И, взяв его ручонки, бил ими по щекам кормилицы. Вслед за этим он исчез из комнаты, а означенные предметы с днепровских порогов и до сего времени находятся у меня.

В конце августа я получил уведомление от жены, жившей все лето в имении сестры моей, что она выезжает в Петербург, а от ее брата Валерия, что мне необходимо приехать в нижегородское имение для смены бурмистра, мало пекущегося о сборе оброка, и для обзора действий землемера, отмежевывающего пустошь в 9500 десят. земли, заложенных по неисправным откупам Абазы и предназначенных к продаже с аукциона. Я ничем не был занят в Почепе, а потому просил Клейнмихеля уволить меня в 28-дневный отпуск для приведения в порядок дел по нижегородскому имению, которое, при всей малодоходности, все же составляло, сверх убогого содержания по службе, единственный источник моих средств к жизни. Но Клейнмихель мне наотрез отказал; он не желал, чтобы свита его уменьшалась, и, вероятно, считал преступлением желание покинуть его. Я обязан только сильному ходатайству его жены и его племянника Огарева, что, наконец, был отпущен.

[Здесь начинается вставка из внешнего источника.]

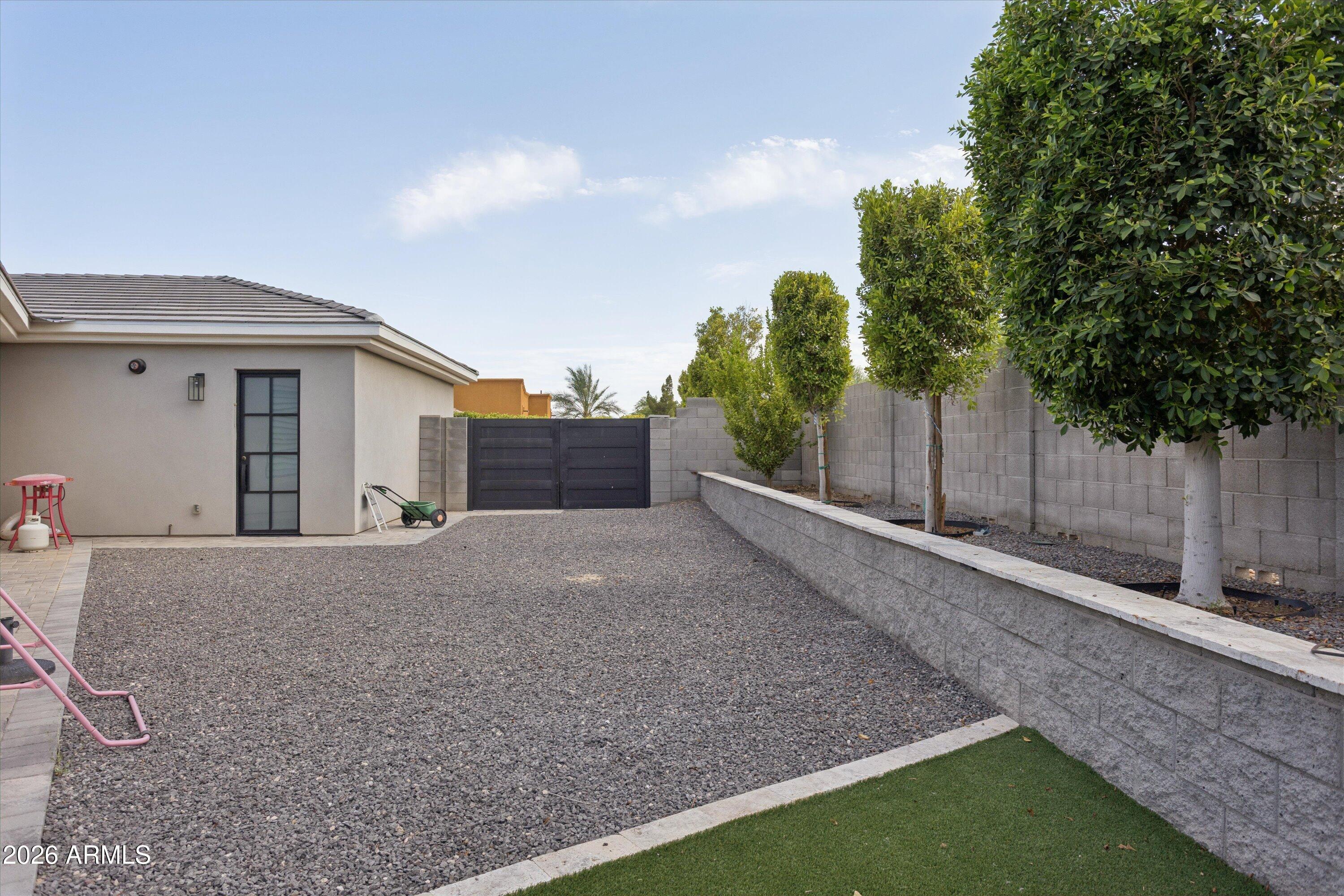 RUSSELL RANCH PHASE 3 REPLAT - Residential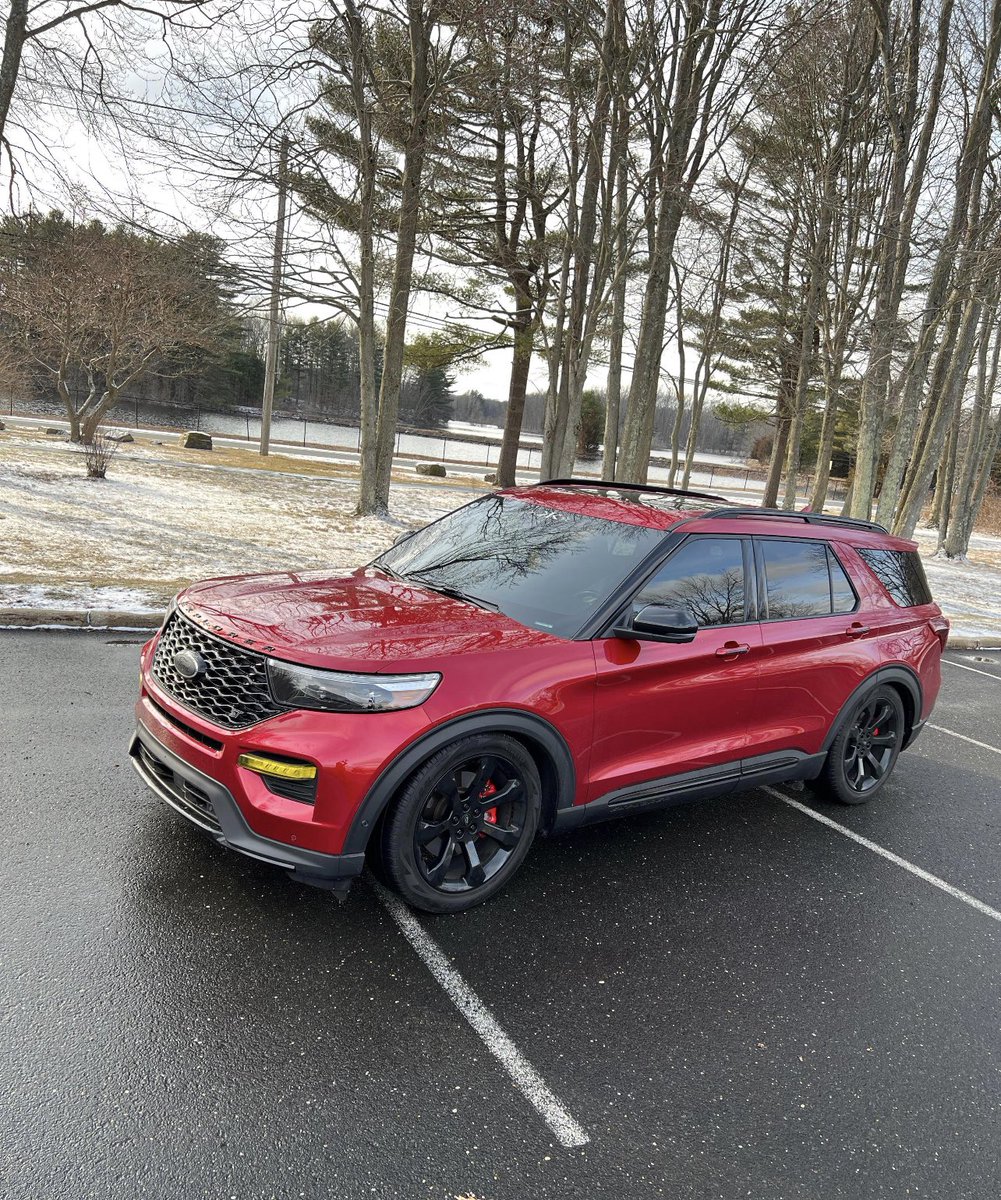 FittedVisions's tweet photo. We love slamming Explorers on @FVSuspension1 https://t.co/BFC7uGvgct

В имении я остановился в тесной комнате конторы и на другой день по приезде был в г. Богородском, в господском доме которого жили шурья мои Валерий и Николай; к обеду приехал мой свояк граф Толстой, с которым мы не имели никакого сношения почти три года. В комнатах, в которых жили мои шурья, было чрезвычайно холодно, несмотря на то, что осень только еще начиналась; стены комнат и мебель были грязны. Валерий требовал смены моего бурмистра, который со своей стороны утверждал, что оброк плохо собирается вследствие {необходимости ему повиноваться} распоряжениям моего шурина, отдаваемым будто бы им неправильно из-за своих выгод. Конечно, я должен был поверить шурину и сменил бурмистра. С Толстым мы обошлись холодно; он мне сказал, что при отмежевании в дачах моих шурьев пустоши, заложенной по неисправным откупам Абазы, в нее не включаются сенокосы, составляющие главный доход крестьян, а при отмежевании таковой же пустоши в дачах жены моей, в нее домежеваны и все сенокосные места; за отходом же их от имения, крестьяне жены моей будут лишены возможности платить оброк. Толстой вызвался указать означенные места землемеру, которого я упросил снова обойти пустошь в даче жены моей, исключив из нее сенокосные места, что мне стоило новых издержек. {Я уже говорил, что понятия Толстого были вообще дикие; эта} дикость доходила до того, что, будучи вообще честным человеком, он иногда делал бесчестные поступки, {в которых не видел ничего бесчестного} и даже ими хвастался. В имении жены моей было несколько водяных мельниц, которые за бесценок были сдаваемы в аренду ее крестьянам. По распоряжению шурина моего Валерия, эти мельницы в 1849 г. были сданы за несколько высшую цену Толстому, в имении жены которого, по соседству, было также несколько мельниц. Толстой, вместо того, чтобы употребить в дело мельницы, принадлежащие жене моей, совершенно запустил их и даже срыл мельничные плотины, так что лишил жену и того малого дохода, который она с них получала. На вопрос мой Толстому, зачем он это сделал, он отвечал самым грубым образом, что неужели я, зная, что означенные мельницы берет на аренду сосед, владелец таких же мельниц, мог предполагать, что он их берет с другой целью, как не для того, чтобы их уничтожить, и что он так и сделал, приказав навоз из плотин, который накладывали (он употребил другое выражение, {нецензурное}) в них со времен Петра Великого, вывезти на поля. Это суждение было до такой степени дико, что я оставил его без ответа.